Understanding the True Goals of Interoperability
Do we want to allow doctors treating the same cancer patient to share info about checkups, medicine updates and lab and radiology tests? Do we want researchers to have quick access to relevant clinical data? Do healthcare providers need a way to pull data for analytics and reporting? Is there a need for securely transferring patient documents between two EHR systems in real time?
If so, then let’s devise a system that shares the necessary information between the relevant stakeholders so they can do their jobs better. And guess what? If the solution provides value — whether it’s improving productivity, lowering costs, boosting health outcomes or improving patient care — then it will scale organically.
One of the main health interoperability coalitions, the Commonwell Alliance, seems to be moving in this direction; it lists a use case for acute care and a use case for ambulatory care on its website. And startups like Flatiron Health are building business models for interoperability around very specific needs (in Flatiron’s case, cancer care coordination). Yet we need to move further and faster in this direction.

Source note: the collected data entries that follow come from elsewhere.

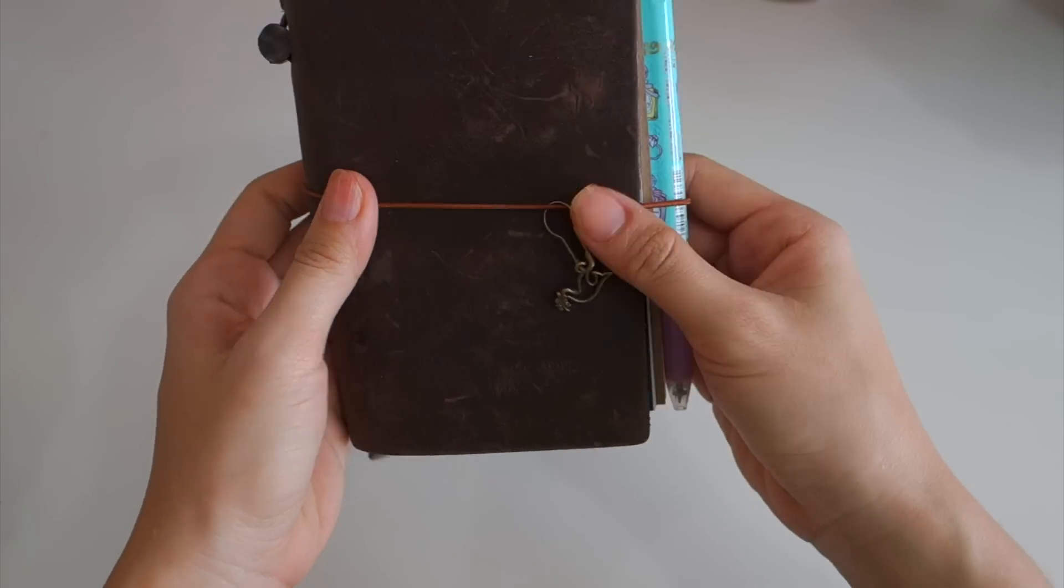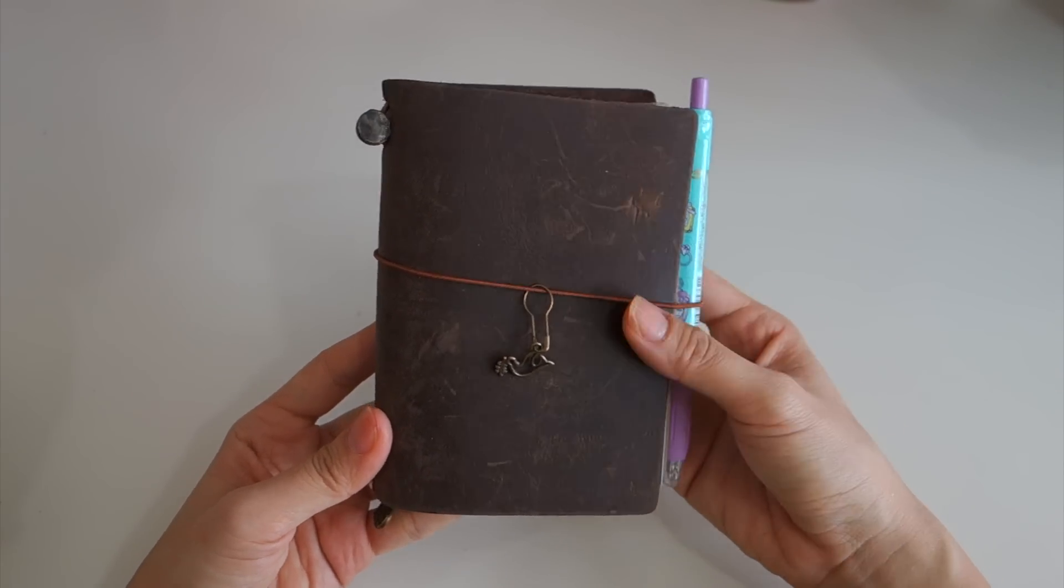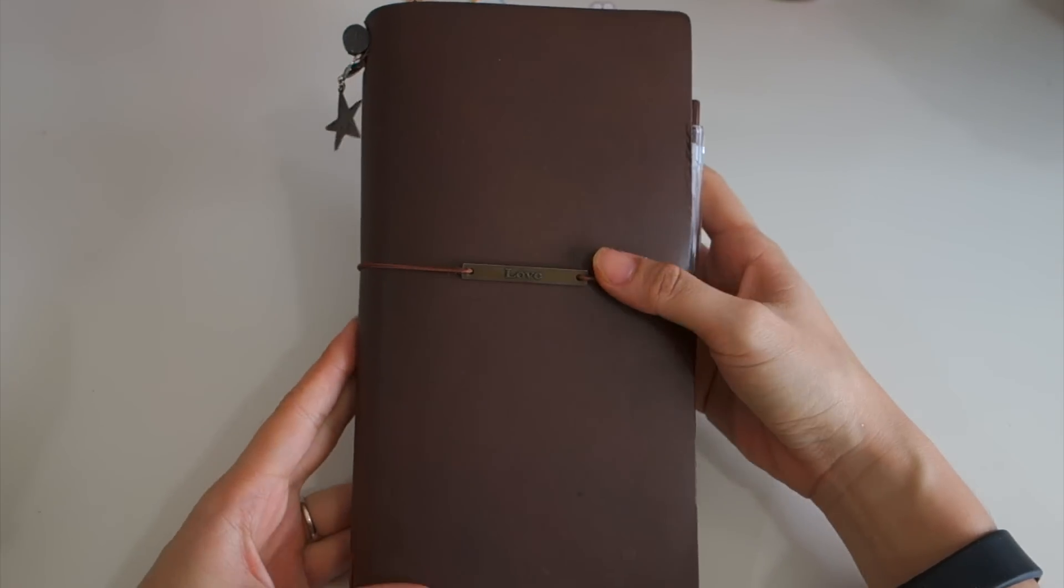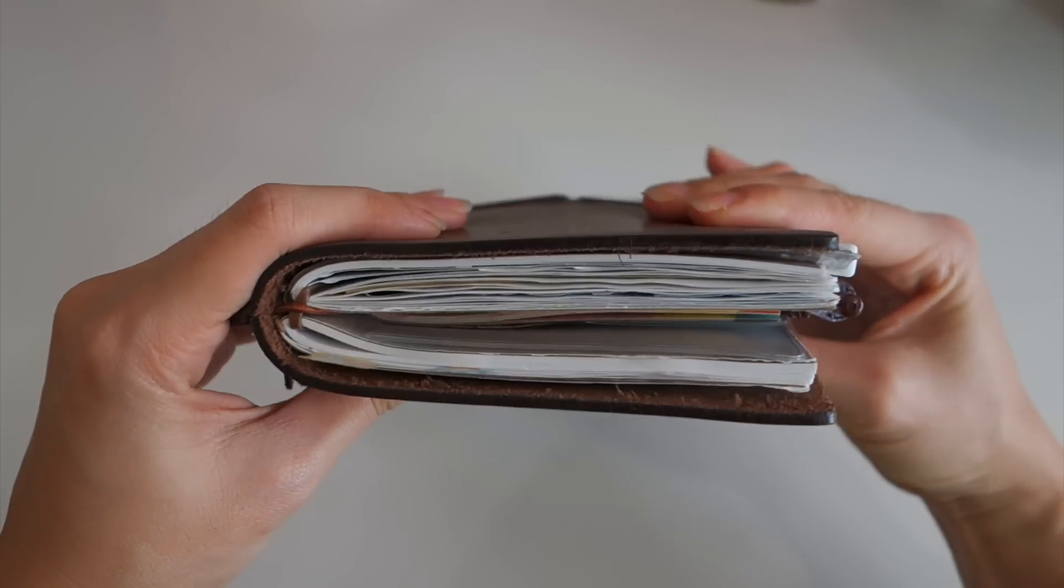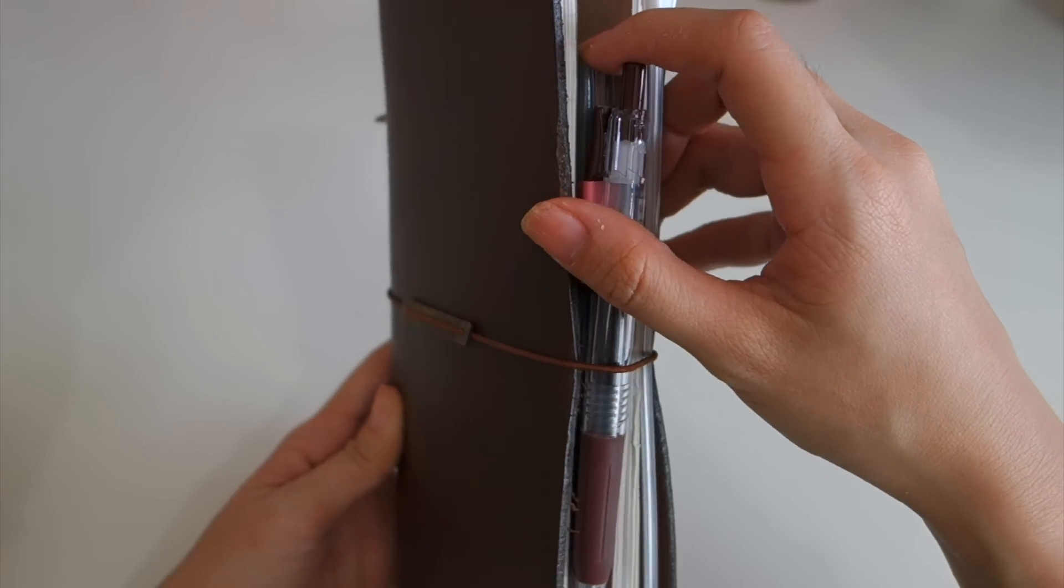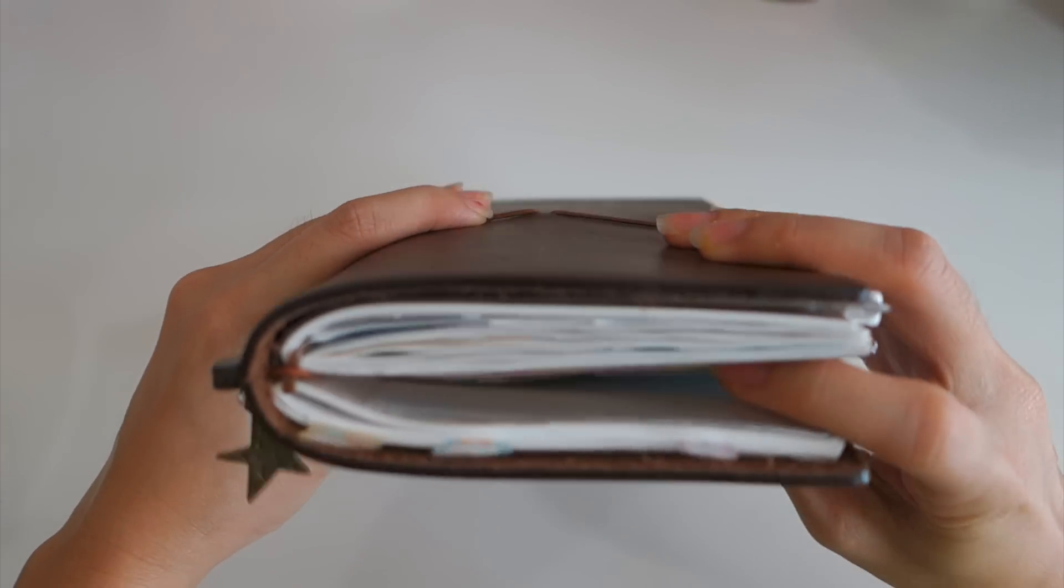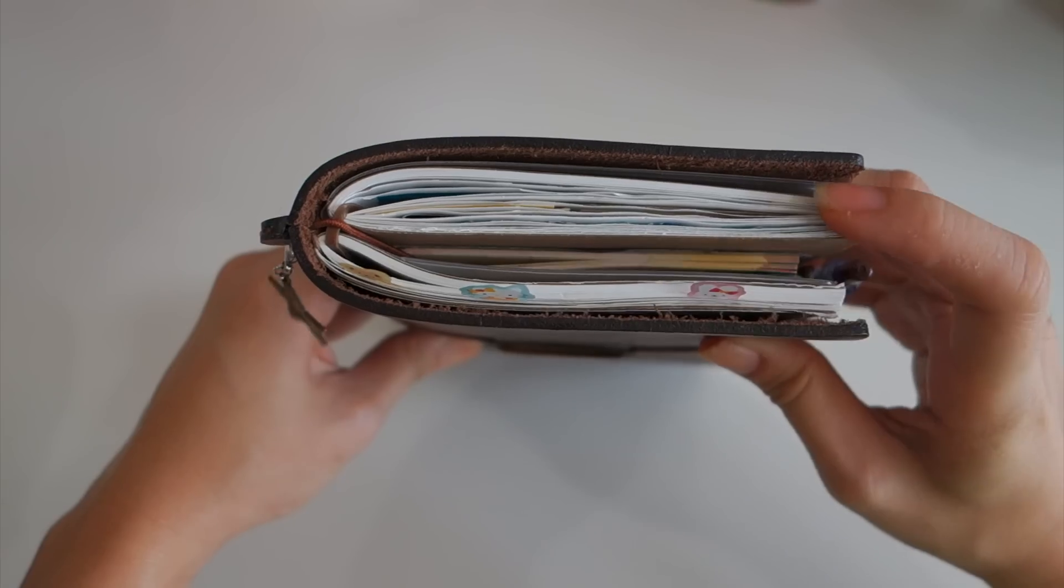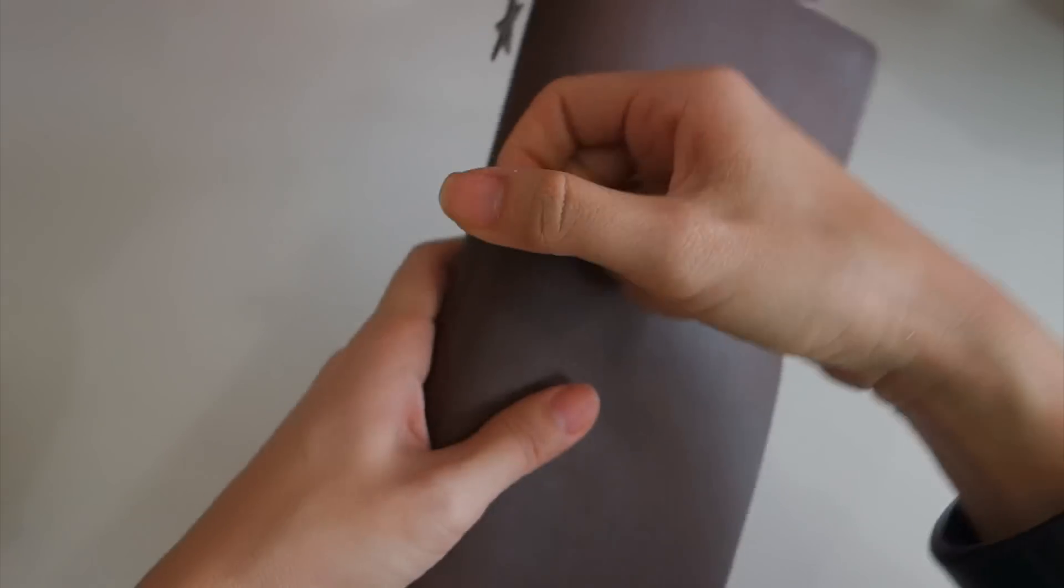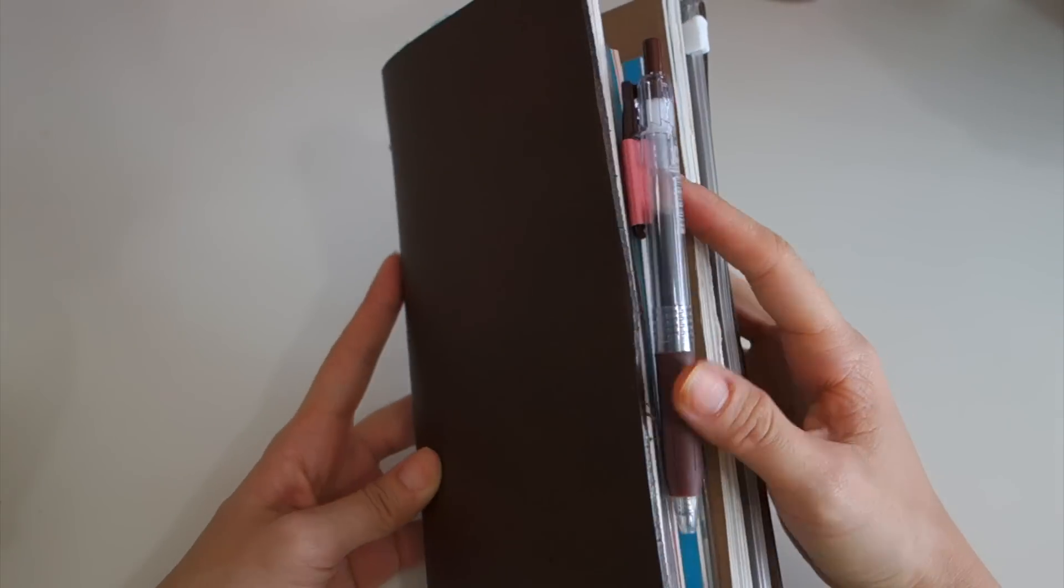This is my Midori Traveler passport size. Now come to my regular size Midori Traveler notebook. I have only two inserts but you see it's very bulky, plus a small insert over here. Later I'll show you what the small one is.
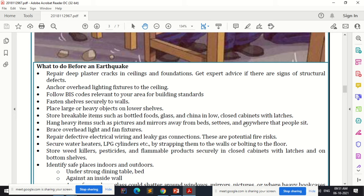Brace overhead light and fan fixtures properly. Repair defective electrical wiring and leaky gas connections — these are potential fire risks. Secure water heaters and LPG cylinders by strapping them to walls or bolting them to the floor. Store weed killers, pesticides, and flammable products in closed cabinets with latches on bottom shelves, as they catch fire easily and could ignite if they fall.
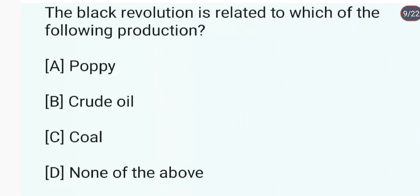The black revolution is related to which of the following production? Ye related hai crude oil se. Answer is B. The black revolution is related to the production of crude oil.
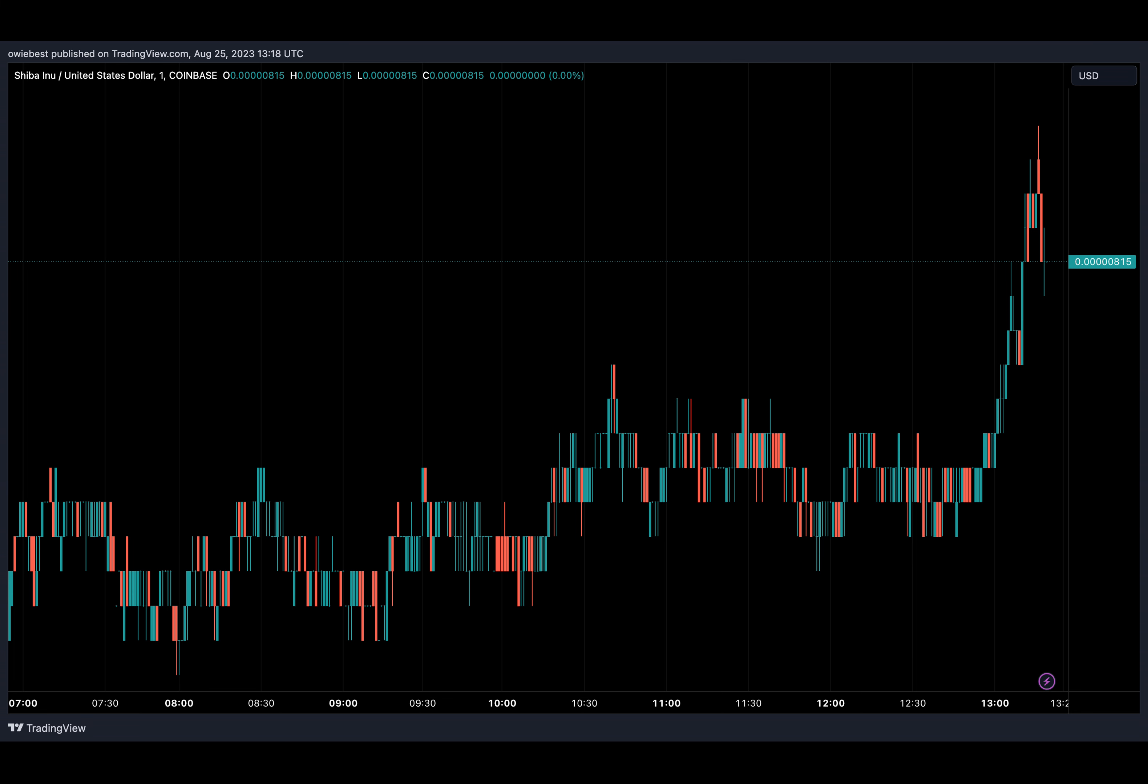A crypto whale has shocked the SHIB community and crypto space after purchasing 708.41 billion SHIB tokens worth almost 6 million dollars from Gemini, an American crypto exchange run by some of the Winklevoss twins.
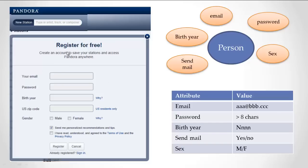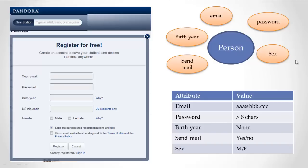This registration screen is an example of something else we've seen before. Person is an information type, and from the screen we can figure out what kind of information they store about a person: an email, a password, a birth year, whether or not they want to send mail, and sex. A person also has a picture — they get that from Facebook — and a user ID, which is created by the system. Pandora has an information type called a person, and that person has these attributes.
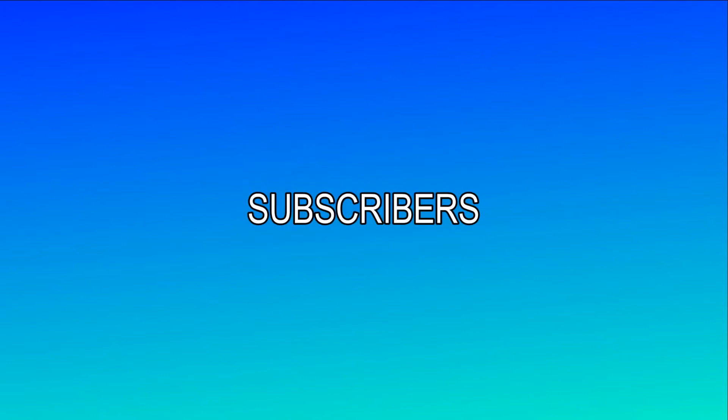I, me, my, hate, love, subscribers, comments, likes, videos, money.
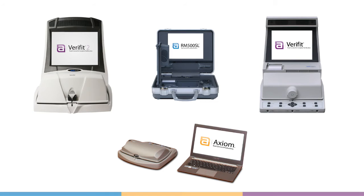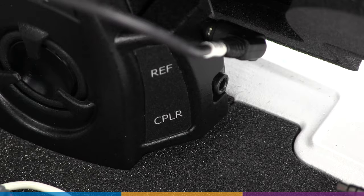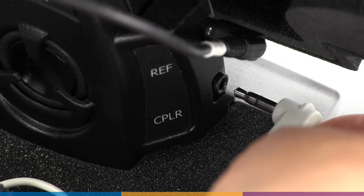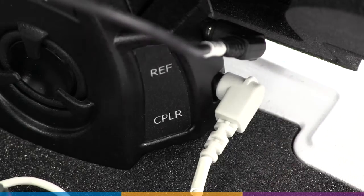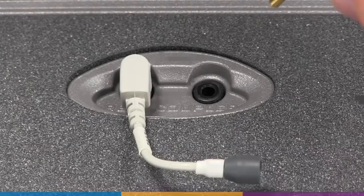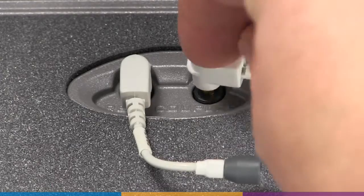This video will cover the TestBox microphone user calibration on AudioScan hearing instrument fitting systems. First, ensure both coupler and reference microphones are properly connected.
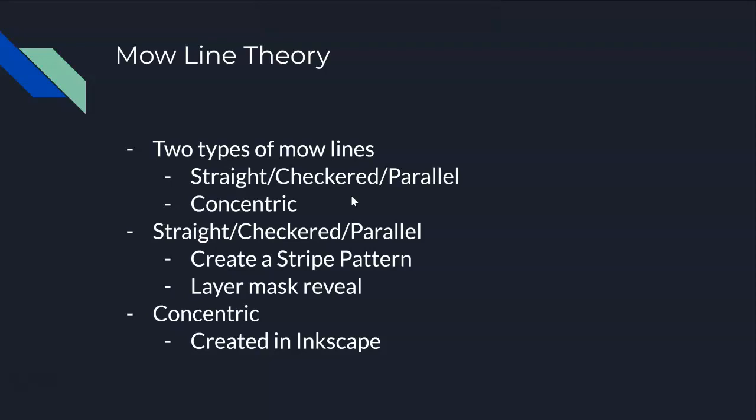The first type is the straight checkered slash parallel mow lines. The mow lines themselves are straight, but sometimes they're a checkered pattern.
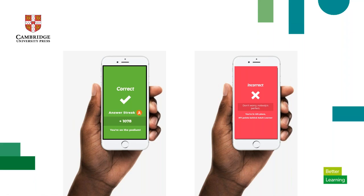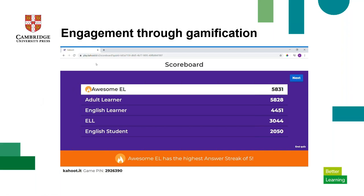The first, second, and third place winners of the Kahoot get to be on the podium — a special reward students are working toward. If a player is performing really well, they'll see that message too. If they're incorrect, they get an encouraging statement — 'Don't worry, nobody's perfect' — and it tells them their current rank, giving them a target to aim for on the next question. These are the different aspects of gamification that make Kahoot popular from elementary schoolers all the way to adults.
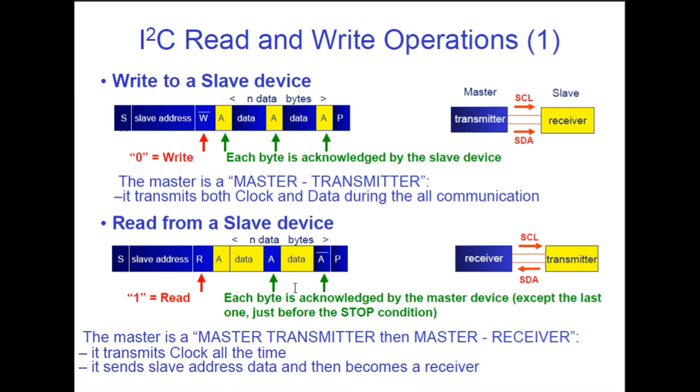And then the slave will send more data. And the master will send an ACK. Now when the master wants to stop receiving data, it sends a NACK. So it doesn't pull down the data line on the 9th clock pulse. Then it initiates a stop condition. So that's your basic read from a slave device.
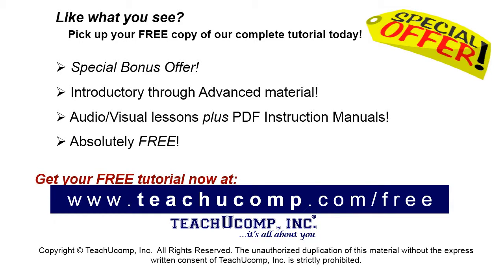Like what you see? Pick up your free copy of the complete tutorial at www.teachyoucomp.com forward slash free.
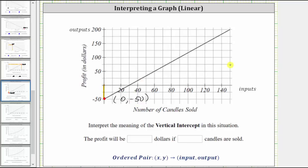So as a sentence, we can say the profit will be negative 50 dollars if zero candles are sold. Remember, a negative profit indicates a loss. So we could also say if zero candles are sold, then there will be a loss of 50 dollars. This is the meaning of the vertical intercept.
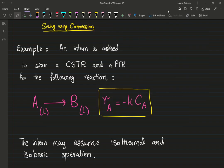Welcome back everyone. In this video we're going to go over an example in which we're going to size our ideal reactors — we're going to be sizing our CSTR and a PFR. Before I get started, I want you to pause the video and give this example a read. I hope my handwriting is not too bad. Alright, I hope you guys have read it, so now let's go through this.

It’s time to let go of the build-it-and-they-will-come approach. To be successful, the industry must stop viewing interoperability as an inherent good that will inevitably confer benefits if everyone would just play the game fairly. Rather than continuing to fall down the rabbit hole of current interoperability practices, let’s define what the benefits of interoperability are, one concrete use case at a time and pursue these as market opportunities.